~『これからの経営者像』~
先月、社団法人 大阪府工業協会様の主催で、長時間のセミナーを担当させていただいた。
タイトルは、『製造工程でのムダを退治』、サブタイトルが~「コスト意識」は利益の源泉~である。
午前中のプログラムは、質問形式による参加者の「コスト意識チェック」から、経営者・従業員が各々の立場上でのコスト意識の発揮の仕方。
さらに、ムダを発見するポイントと、その改善方法等の内容。
午後からのプログラムは、実際の作業現場のVTRを観ていただき、ムダを見つけ退治していただくという内容だった。
当日は、サイクルタイムが異なる3種類の作業に関し6本のVTRを準備し、参加者にムダを発見し改善案を発表していただいた。
サイクルタイムが異なると、当然ムダ発見のポイントも違ってくる。
(これを実際に実感していただきたかった。)
この点に配慮し、サイクルタイムが10秒前後、20秒前後、90秒前後のVTRを準備した。
このときのVTRの中に、昨年コンサルした、中国上海市にある2社の日系企業のものが含まれていた。
私は、セミナーでの使用許可をいただきに、この2社を訪問した。
そのうちの1社(以後、T社とする)では、製造本部長(以後、Aさんとする)に応対をしていただいた。
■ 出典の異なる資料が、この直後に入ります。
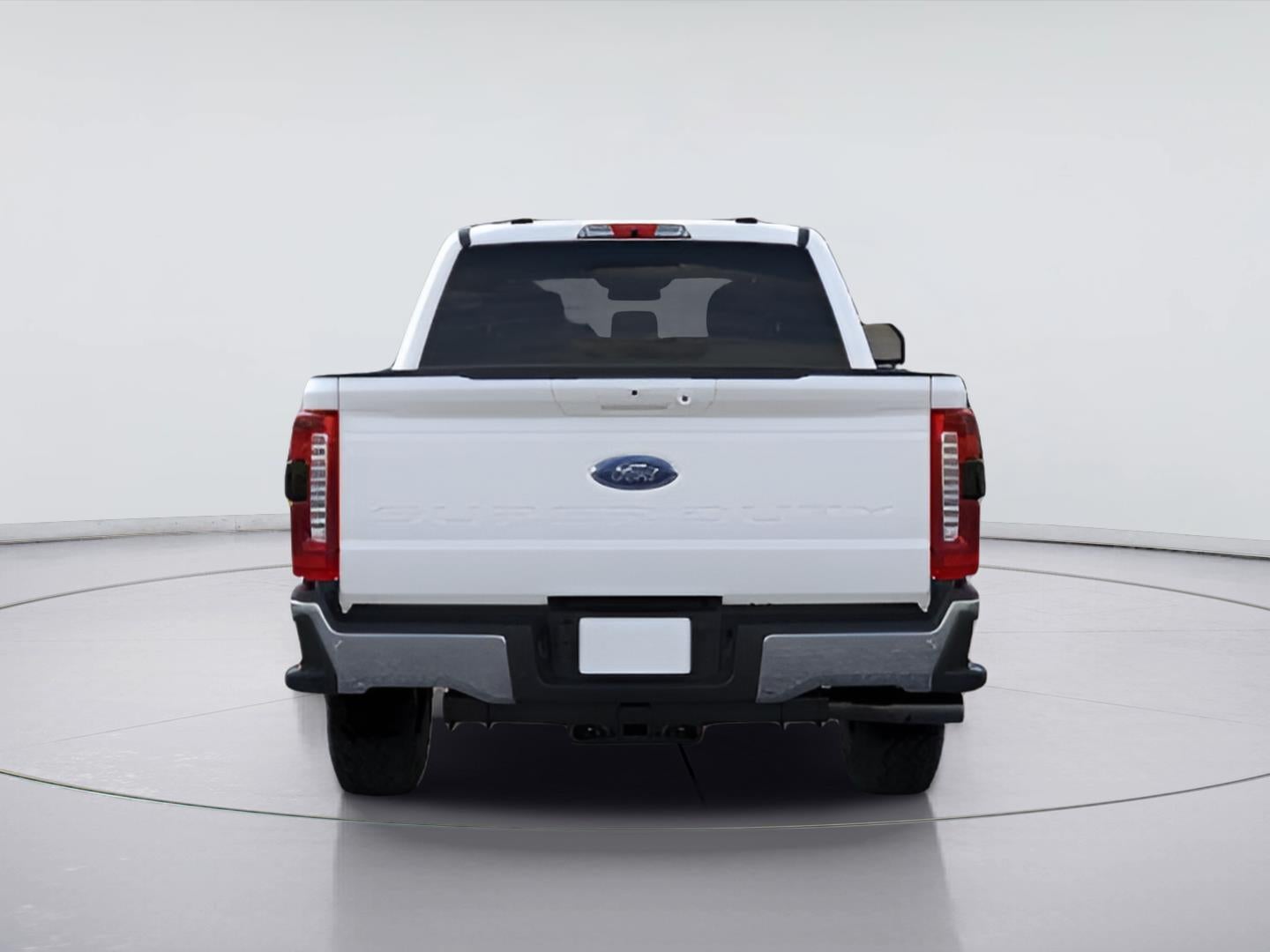 2026 Ford Super Duty F-250 Lariat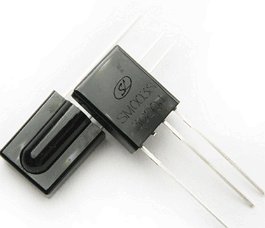 TSOP1738 Infrared Receiver COM22 - Image 2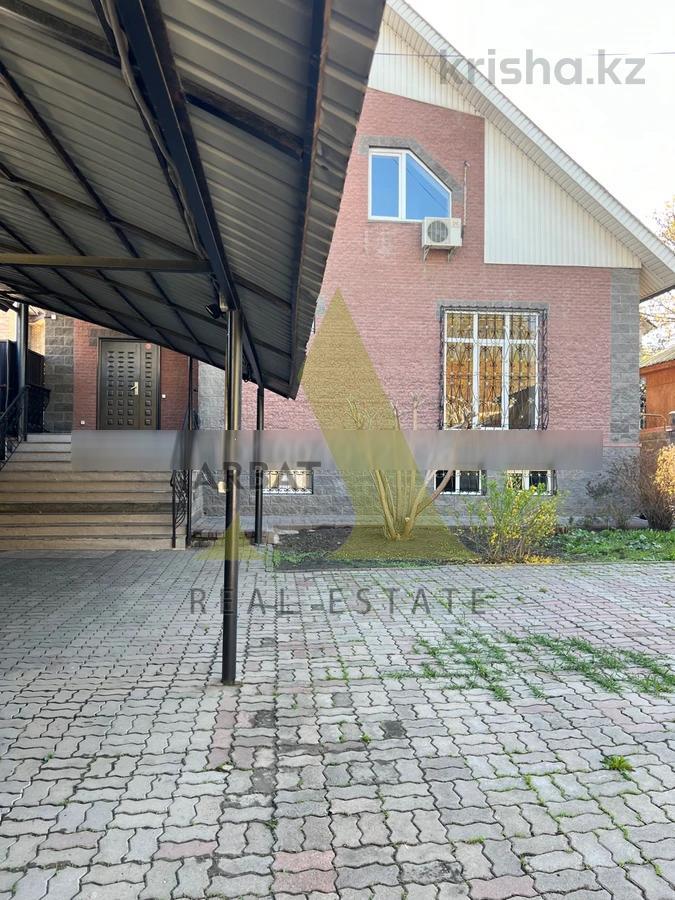 Фото Отдельный дом, 22 комн, 730м²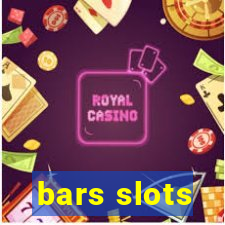 bars slots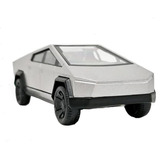 Coche Pick-up De Remolque, Mxtkb-001, 1:64, 9x2x3cm, Metal/p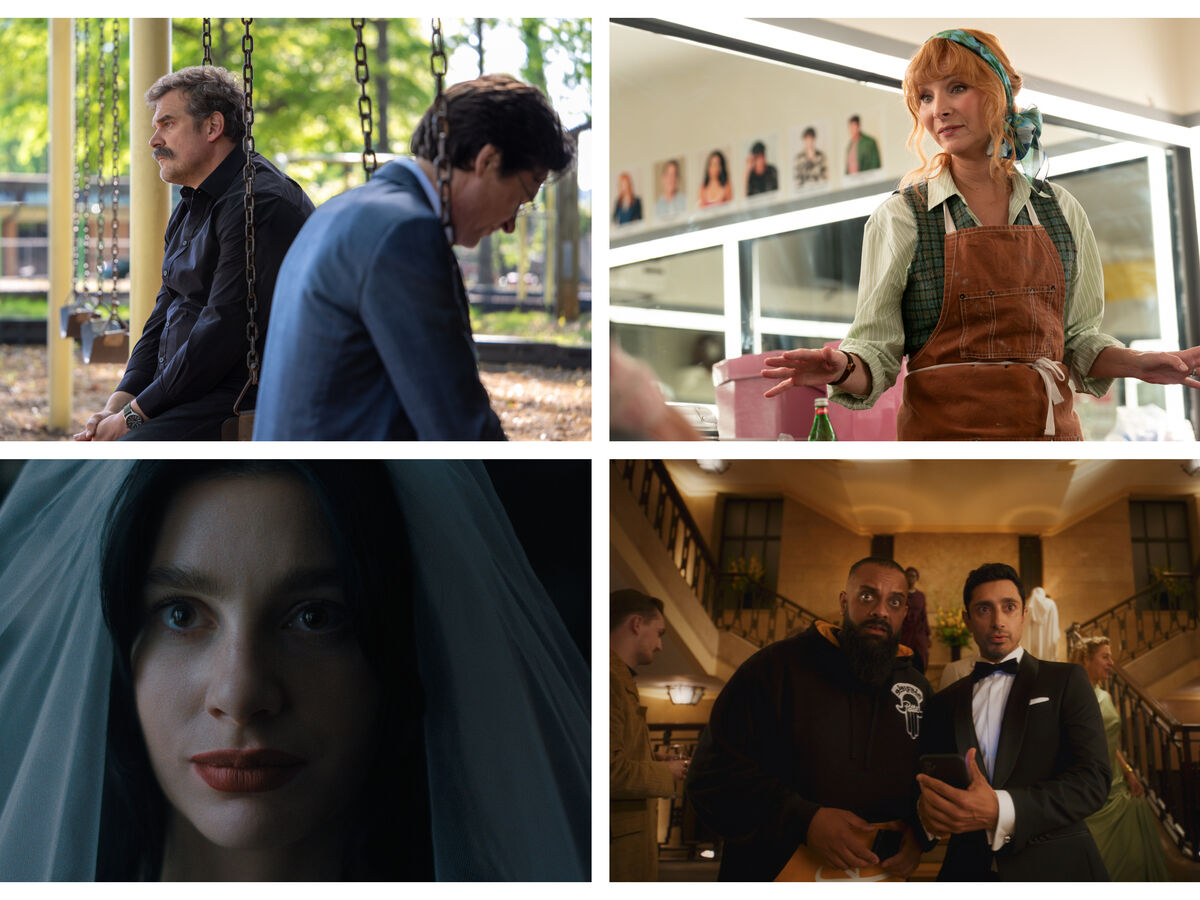 "O que há de novo para ver"? Eis 8 séries para sintonizar a TV em 2026
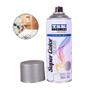 Imagem de Kit 2 Tinta Spray Super Color Alumínio Tekbond 350ml/250g 23031006900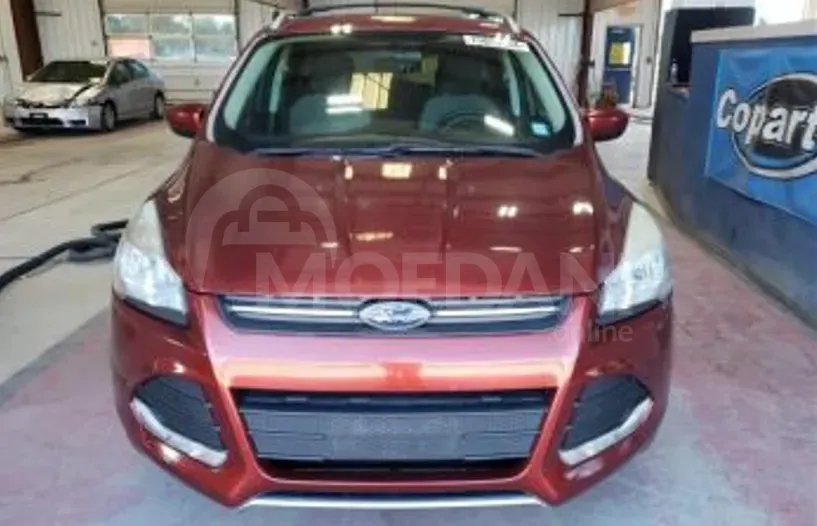 Ford Escape 1.6L 2014 Тбилиси - изображение 1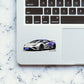 Huracan EVO Sticker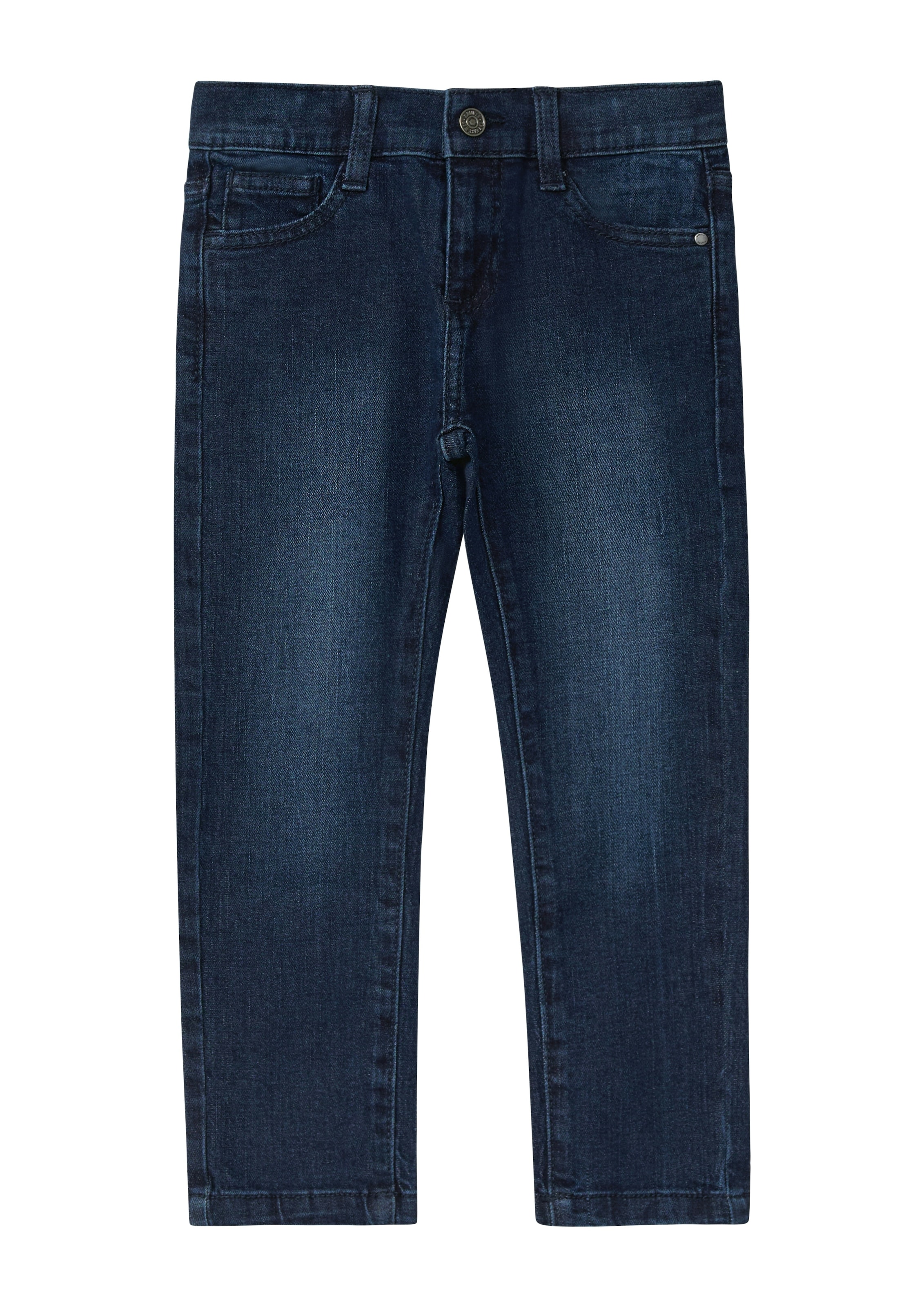 s.Oliver Junior 5-Pocket-Jeans mit Stretch, slim fit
Aさんにセミナーの狙いと、その為の手段として是非T社上海工場のVTRを使用をお願いした。
Aさんと一緒にVTRの内容を確認した後、Aさんは、是非部下をセミナーに参加させたい。
近畿圏に工場が3ヶ所あるので、各工場から1名づつ参加させる・・と、その場で即決していただいた。
私は、しばし感動した。
それは、3名もセミナーに参加させてくれるからではない。
Aさんの若い人材を育てたいという思い、今のうちに次代を背負う人材に投資をするという考え方・行動に、今の経営者が忘れがちな「一に人財・二に人財」という思想に触れたからである。
一昨日、そのT社から一通のハガキが届いた。
その分厚いハガキは、株主総会後の新経営陣の紹介であった。
私はその中にAさん(新任取締役)の名前を見つけた。
よくわからないが、ジーンとくるものがあった。
若い社員を育てる人が、経営陣の中に入っていく。
きっと、T社社長もそこは重要視している気がした。
これからも、『従業員を大切にする』こんな会社を私は応援していく。